• Fiscal deficit to zip to Hurricane Gilbert level
The fiscal deficit could zip to a record high of $132.0 billion or 12.2 per cent of the total value of all final goods and services produced this year — Gross Domestic Product (GDP).
This deficit, a measurement of the difference between the amount of money which the government acquires from revenue and grants and that which it spends on wages, salaries, interest charges and capital works, would be the highest since Hurricane Gilbert, which wreaked havoc on the country in 1988, forcing the government to spend significant sums to rehabilitate its infrastructure.
This assessment is based on the fiscal deficit of $99.2 billion or 9.2 per cent, which translates to $11.0 billion per month, recorded during the period April to December of this fiscal year.
Data released by the Ministry of Finance and the Public Service indicate that the government’s revenue shortfall zipped to $25.0 billion or at a rate of $2.8 billion per month.
A total of $205.5 billion or $22.8 billion was taken in per month during the period, while a total of $231.0 or $25.66 billion per month was programmed by beleaguered Finance Minister, Audley Shaw.

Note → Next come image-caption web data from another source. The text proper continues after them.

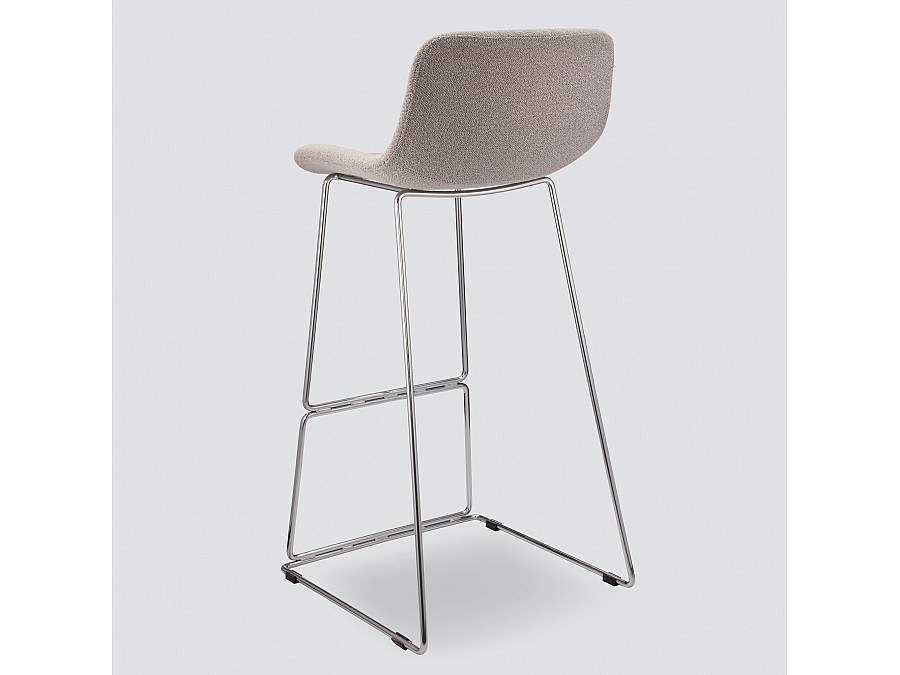 Барный стул Neo Soft 77 см, серое букле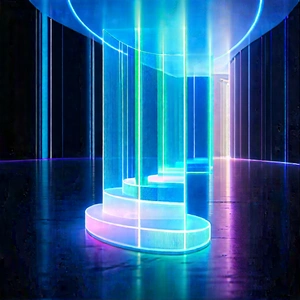 Futuristic innovation hub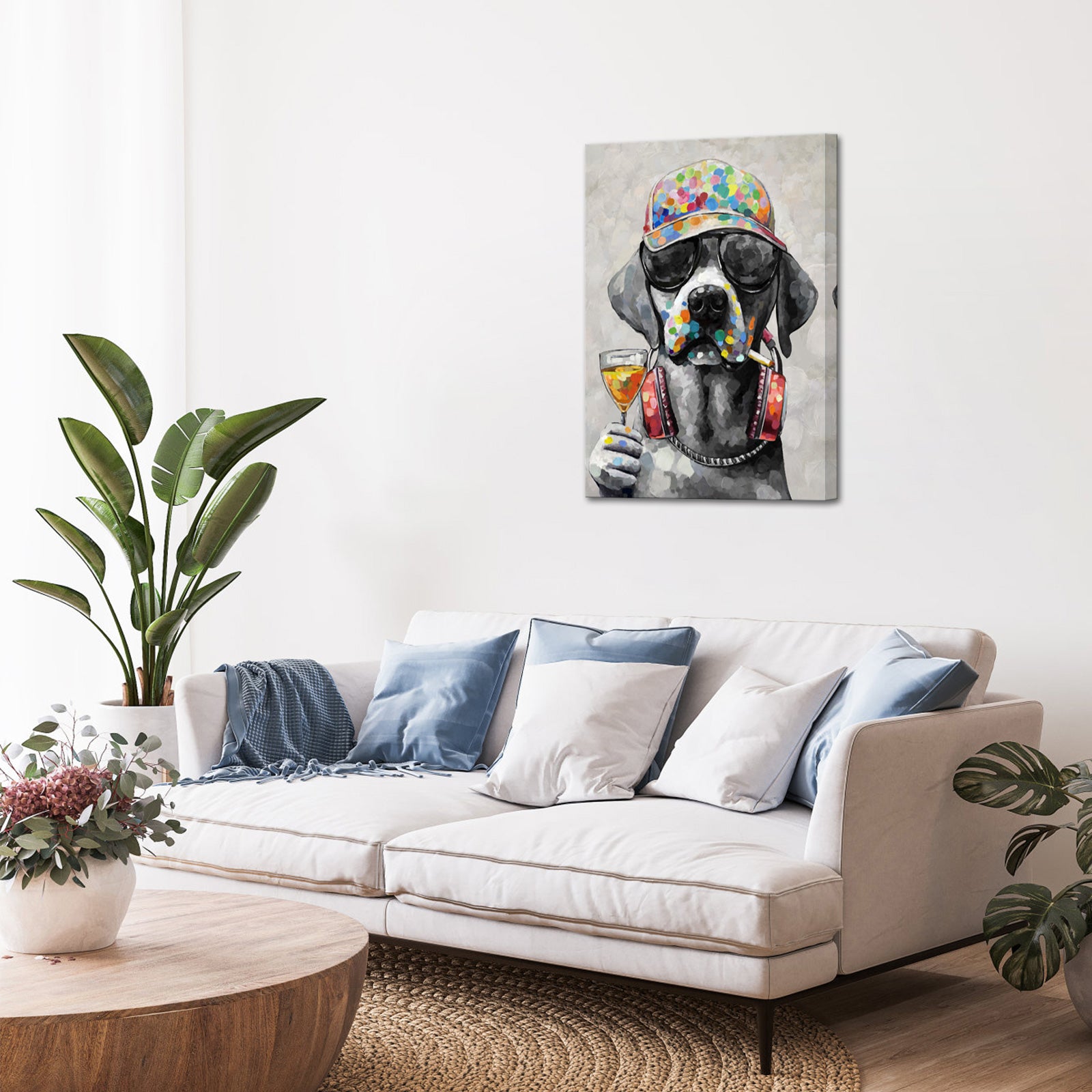 dog large prints wall art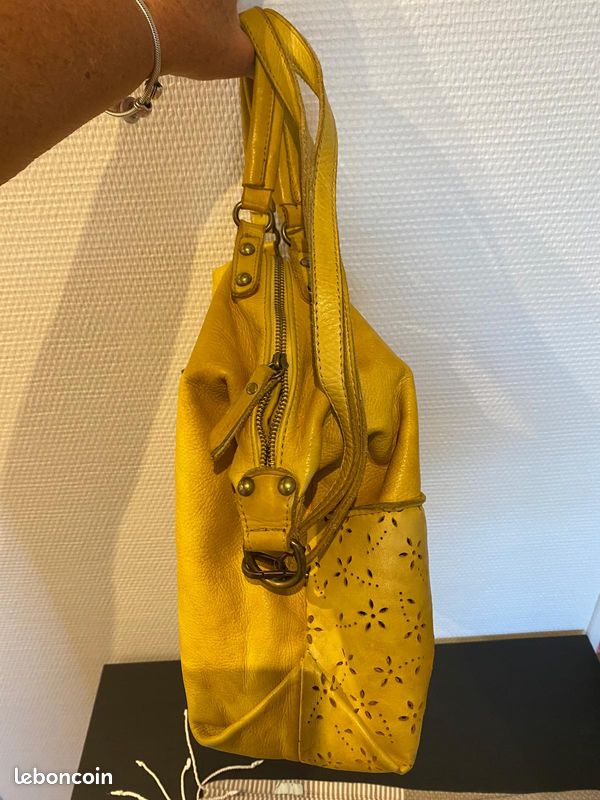 Sac à main MAZELIE, jaune (image 3)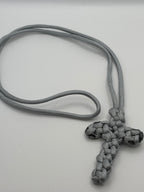Handmade Paracord Cross Necklace
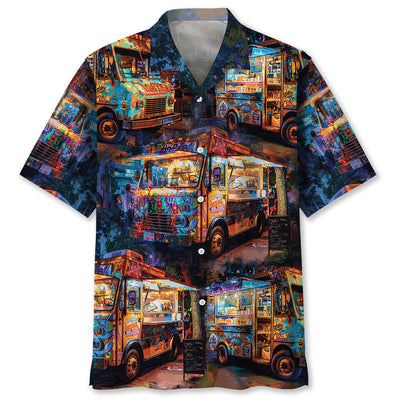 Vintage Street Food Truck Hawaiian Shirt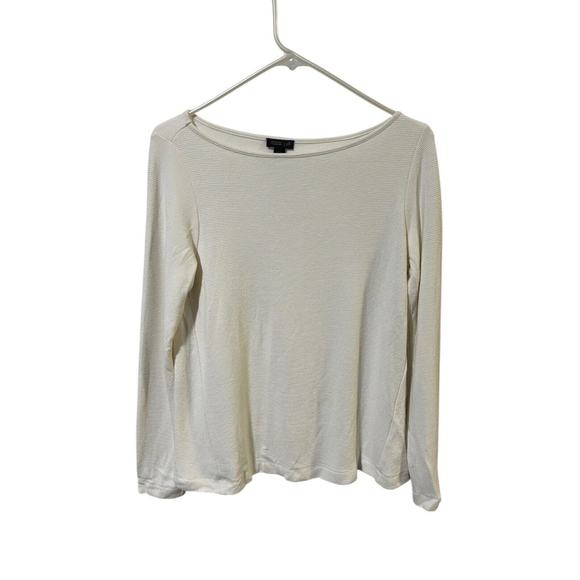 J. Jill Stretch Ivory Knit Long Sleeve Textured Pullover Top Blouse‎ Sz XS - Picture 1 of 5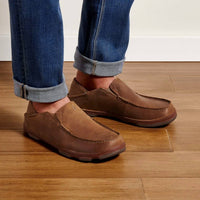 Olukai - Men's Moloa Leather Slip On Shoes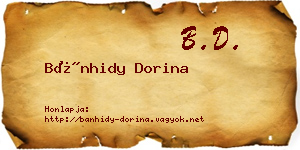 Bánhidy Dorina névjegykártya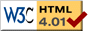 ¡HTML 4.01 Válido! ¡HTML 4.01 Válido!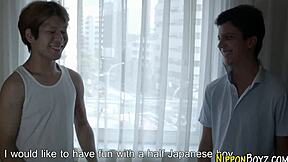 Hey, check out this Japanese twink in amateur action with blowjob, handjob, cumshot after hardcore ass fucking and masturbation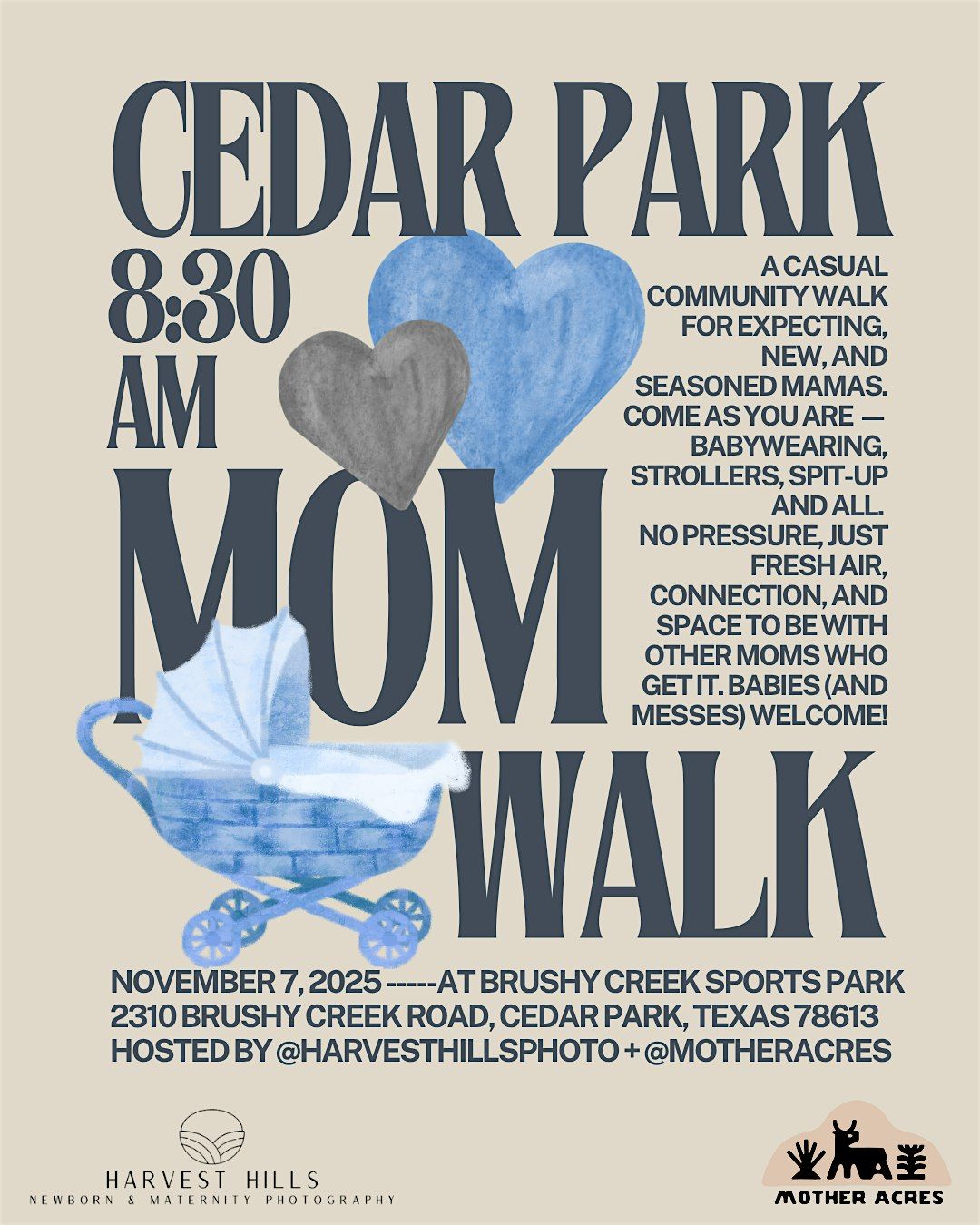 Cedar Park Mom Walk: NOVEMBER 7, 2025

This forced the government to cut its spending to $304.7 billion or average of $33.8 billion per month, down from the $309.2 billion, $34.35 billion per month. The beleaguered administration spent $132.8 billion or $14.7 billion per month on interest charges. This amount was $8.9 billion more than projected for.
Meanwhile, a total of $94.1 billion or $10.45 billion was spent on wages and salaries and this was roughly in line with the amount programme by the cash-strapped administration.
However, despite this reduction in expenditure, the fiscal deficit zipped to $99.2 billion or 9.25 per cent of GDP, $21.00 billion more that the $78.2 billion budgeted for by minister Shaw and his technical team.
The revenue shortfall also forced the government to borrow $24.8 billion more than the $176.6 billion budgeted by the administration.
A total of $188.0 billion was raked in from the domestic market and $13.2 billion from the external market.
The administration used $103.1 billion to repay existing loans and the remainder to help fund the budget. A total of $83.1 billion was used to repay maturing domestic and $20.0 billion to amortise maturing external debts. The overall deficit – central government plus the select group of public sector companies — stood at $856.2 million $1.1 billion higher than the surplus $226.2 million projected.
Meanwhile, the primary balance, which measures the extent to which the government was curtailing spending on basic social services in order to pay the debt, was$33.5 billion, $12.1 billion less than expected.